The Oklahoma Department of Agriculture, Food & Forestry announced that the refundable Oklahoma Beef Checkoff referendum failed with 2,506 no votes and 1,998 yes votes.
If passed, the new beef checkoff program would have mandated all Oklahoma cattle producers to pay the Oklahoma Beef Council an additional $1 for every head of cattle they sell. Currently, under a federally mandated beef checkoff program, all cattle producers are required to pay $1 per head sold. The state referendum would have brought in an additional $3.2 million per year.
Voting was conducted by early ballot Oct. 2-20 and by in-person voting on Nov. 1st at county extension offices. All ballots were received, tabulated, verified and sampled by a third-party auditor and delivered directly to Oklahoma secretary of agriculture Jim Reese. Eligible voters included all Oklahoma beef producers and those who would be required to pay the $1 assessment.

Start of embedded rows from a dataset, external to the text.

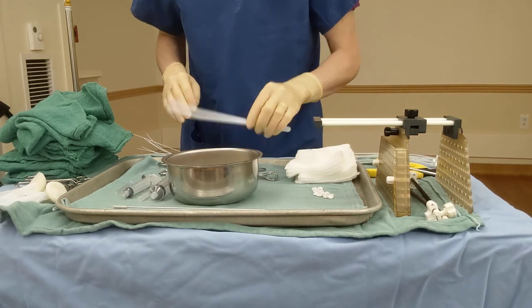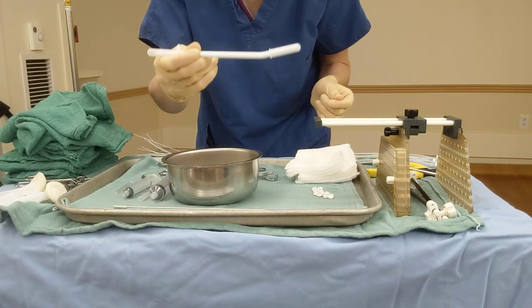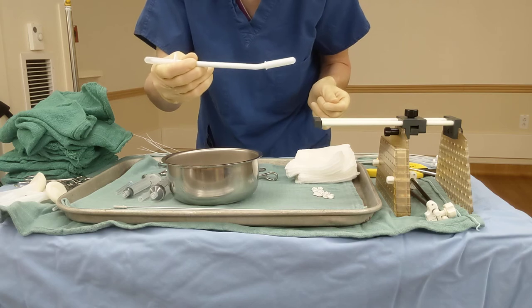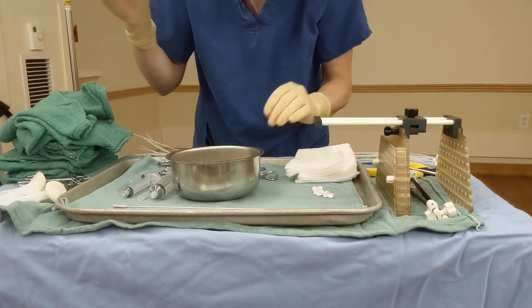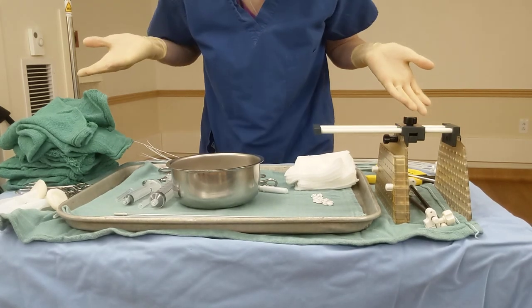One last thing on the tray is this little decanter. We are going to use this to sterilely put our breast brachy bag or numbing medicine into the bowl, and then this will go away. And that is everything you need to set up a breast brachy tray.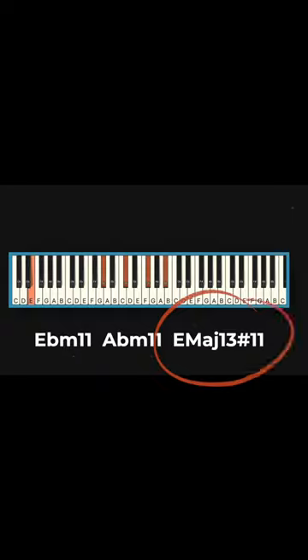Alright, the 3rd chord is where things really get interesting. We've got an E major 13 chord with a sharp 11.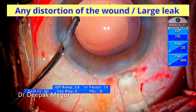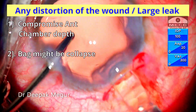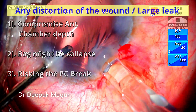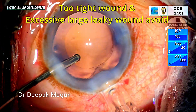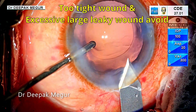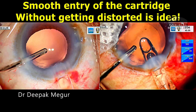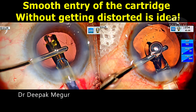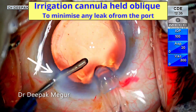Any distortion of the wound or large leak can compromise the anterior chamber depth, and the bag might collapse, risking complications like posterior capsular break. A too-tight wound that gets distorted during forceful entry of the cartridge, and excessively large leaky incisions, have to be avoided. An incision which allows smooth entry of the cartridge without distortion is ideal. The irrigation cannula can be held obliquely to minimize any leak from the port.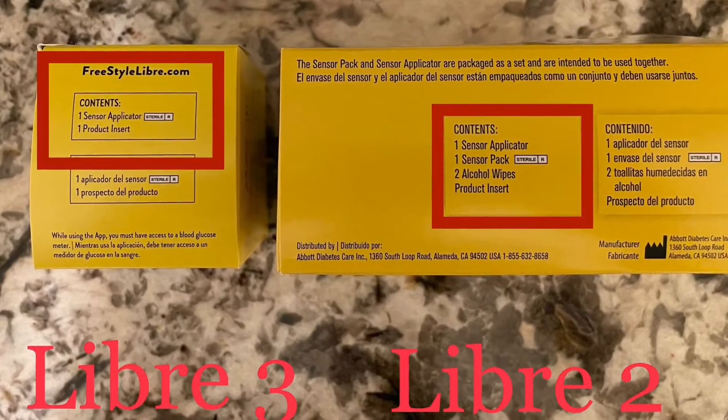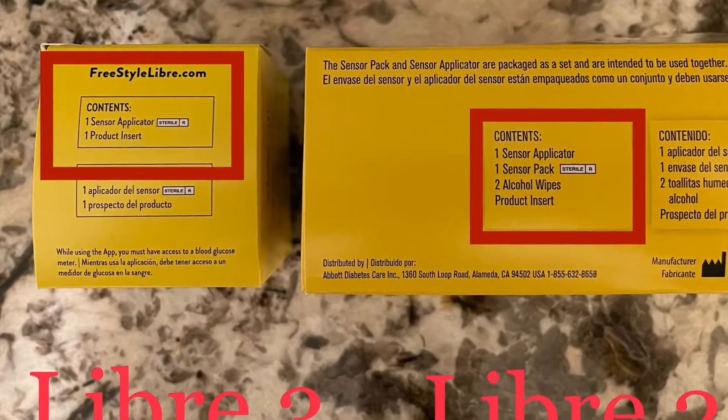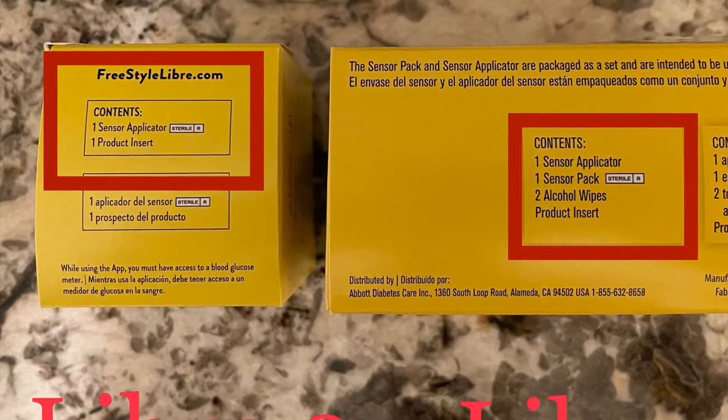What's no longer included in the box — which was a little bit of a bummer — were the alcohol swabs that were included with the Libre 2. That opens up more room in the packaging. It's kind of like how Apple no longer includes charging bricks, assuming everyone has one. Maybe Abbott assumes every diabetic has alcohol swabs at home. Not a huge deal, but just a little disappointing to no longer have that included for convenience.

“As a rancher, I face challenges every day,” said Weston Givens, rancher and president of the Oklahoma Cattlemen’s Assn. “Unfortunately, those daily challenges are nothing compared to the growing challenges that our industry faces, such as aggressive anti-meat activist groups trying to remove beef from the menu and misleading claims about food safety and animal care. It is disheartening that the Oklahoma beef checkoff was defeated, but I’m still proud of the strong collaborative effort of the Vote Yes Coalition and our grassroots campaign.”
“This is an unfortunate loss for the beef industry here in Oklahoma,” said Michael Kelsey, Oklahoma Cattlemen’s Assn. executive vice president. “Investing in a state-level beef checkoff would have greatly increased the opportunities to market, promote and educate consumers about beef and beef producers. We ran a good campaign that worked hard to reach out and educate beef producers, but ultimately, we were defeated today by the same out-of-state activists that defeated State Question 777 last fall.”
The Organization for Competitive Markets and R-CALF USA had joined together on behalf of their Oklahoma members to lead the opposition to the referendum, calling out the state cattle group for attempting to double the checkoff assessment on every head of cattle sold.
Bill Bullard, chief executive officer of R-CALF USA, stated, "We were proud to stand with our Oklahoma members to ensure justice was carried out during this election. It is good to know that, in America, if you stand up for what is right, you can still win."
Texas adopted a state-level checkoff in 2014 by a two-thirds majority, with 7,080 Texas producers voting. This defeat in Oklahoma follows the 2013 defeat of the Texas Grain Indemnity fund referendum, which failed on a 507-1,687 vote.